> [Task prompt]: The response must contain all of the entries, each one repeated exactly.
::::::
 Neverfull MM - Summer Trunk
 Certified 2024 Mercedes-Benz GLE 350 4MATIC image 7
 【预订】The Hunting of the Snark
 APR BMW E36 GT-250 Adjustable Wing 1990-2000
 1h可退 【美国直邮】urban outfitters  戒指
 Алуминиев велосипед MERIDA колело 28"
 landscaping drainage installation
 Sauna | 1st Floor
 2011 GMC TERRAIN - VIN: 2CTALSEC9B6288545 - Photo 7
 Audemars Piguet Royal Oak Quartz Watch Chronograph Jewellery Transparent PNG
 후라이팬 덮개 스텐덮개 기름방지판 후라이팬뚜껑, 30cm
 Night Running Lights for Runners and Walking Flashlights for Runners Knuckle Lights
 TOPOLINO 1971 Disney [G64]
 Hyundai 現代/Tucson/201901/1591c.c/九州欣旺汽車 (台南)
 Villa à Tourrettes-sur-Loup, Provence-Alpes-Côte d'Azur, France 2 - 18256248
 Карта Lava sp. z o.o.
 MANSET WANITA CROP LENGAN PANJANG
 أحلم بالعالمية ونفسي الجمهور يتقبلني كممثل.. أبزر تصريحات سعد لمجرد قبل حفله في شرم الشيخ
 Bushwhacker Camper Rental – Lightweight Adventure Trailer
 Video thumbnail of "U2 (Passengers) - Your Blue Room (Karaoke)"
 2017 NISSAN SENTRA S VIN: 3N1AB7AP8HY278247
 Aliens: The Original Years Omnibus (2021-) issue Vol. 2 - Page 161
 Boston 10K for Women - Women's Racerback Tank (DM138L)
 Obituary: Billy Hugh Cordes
::::::
> [Answer for this exercise]:
 Neverfull MM - Summer Trunk
 Certified 2024 Mercedes-Benz GLE 350 4MATIC image 7
 【预订】The Hunting of the Snark
 APR BMW E36 GT-250 Adjustable Wing 1990-2000
 1h可退 【美国直邮】urban outfitters  戒指
 Алуминиев велосипед MERIDA колело 28"
 landscaping drainage installation
 Sauna | 1st Floor
 2011 GMC TERRAIN - VIN: 2CTALSEC9B6288545 - Photo 7
 Audemars Piguet Royal Oak Quartz Watch Chronograph Jewellery Transparent PNG
 후라이팬 덮개 스텐덮개 기름방지판 후라이팬뚜껑, 30cm
 Night Running Lights for Runners and Walking Flashlights for Runners Knuckle Lights
 TOPOLINO 1971 Disney [G64]
 Hyundai 現代/Tucson/201901/1591c.c/九州欣旺汽車 (台南)
 Villa à Tourrettes-sur-Loup, Provence-Alpes-Côte d'Azur, France 2 - 18256248
 Карта Lava sp. z o.o.
 MANSET WANITA CROP LENGAN PANJANG
 أحلم بالعالمية ونفسي الجمهور يتقبلني كممثل.. أبزر تصريحات سعد لمجرد قبل حفله في شرم الشيخ
 Bushwhacker Camper Rental – Lightweight Adventure Trailer
 Video thumbnail of "U2 (Passengers) - Your Blue Room (Karaoke)"
 2017 NISSAN SENTRA S VIN: 3N1AB7AP8HY278247
 Aliens: The Original Years Omnibus (2021-) issue Vol. 2 - Page 161
 Boston 10K for Women - Women's Racerback Tank (DM138L)
 Obituary: Billy Hugh Cordes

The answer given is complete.